Brief:
Please write out exactly the line containing "GOLDEN GATE RESINE" below and every line after it, through the last one, but leave out any pictures.

Provided material:
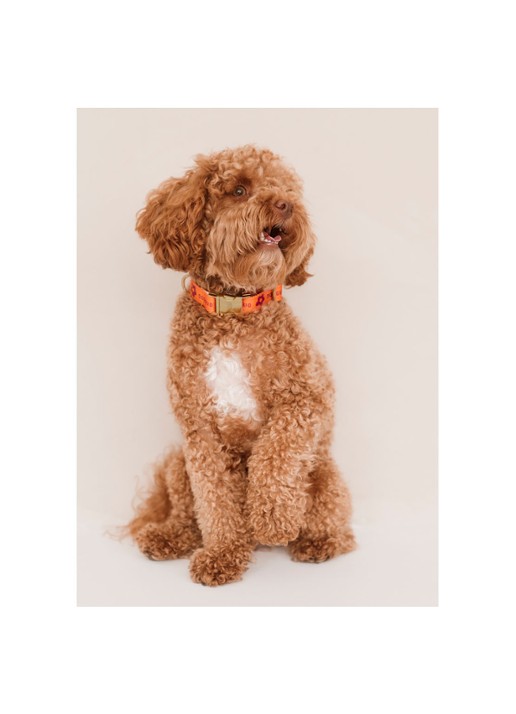 DOGGUO Flower collar M halsband voor honden 36 x 52 cm - detail 2 oranje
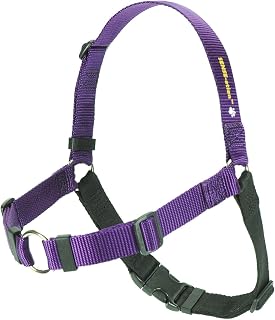 Sense-ation No-Pull Dog Harness - 1" Medium/Large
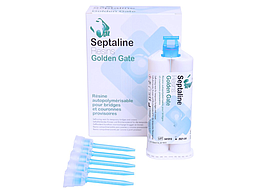 GOLDEN GATE RESINE COURONNE ET BRIDGE A2 56GR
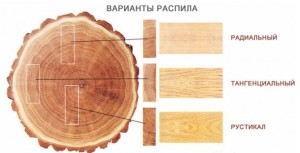 kak-vybrat-massivnuyu-dosku-1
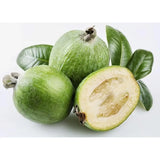 Guava de Ananas (Feijoa sellowiana), cu fructe dulci-acrisoare, cu aroma de ananas si capsuni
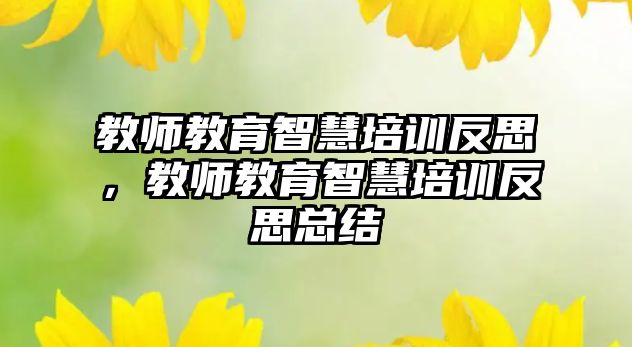 教師教育智慧培訓(xùn)反思，教師教育智慧培訓(xùn)反思總結(jié)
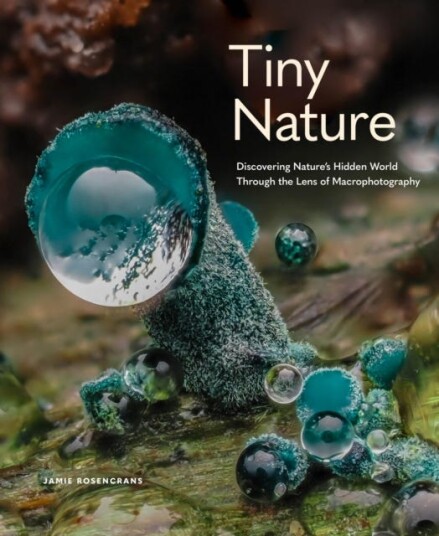 Tiny Nature Discovering Nature's Hidden World Through the Lens of Macrophotography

Solution:
 GOLDEN GATE RESINE COURONNE ET BRIDGE A2 56GR
 kak-vybrat-massivnuyu-dosku-1
 Guava de Ananas (Feijoa sellowiana), cu fructe dulci-acrisoare, cu aroma de ananas si capsuni
 教師教育智慧培訓(xùn)反思，教師教育智慧培訓(xùn)反思總結(jié)
 Tiny Nature Discovering Nature's Hidden World Through the Lens of Macrophotography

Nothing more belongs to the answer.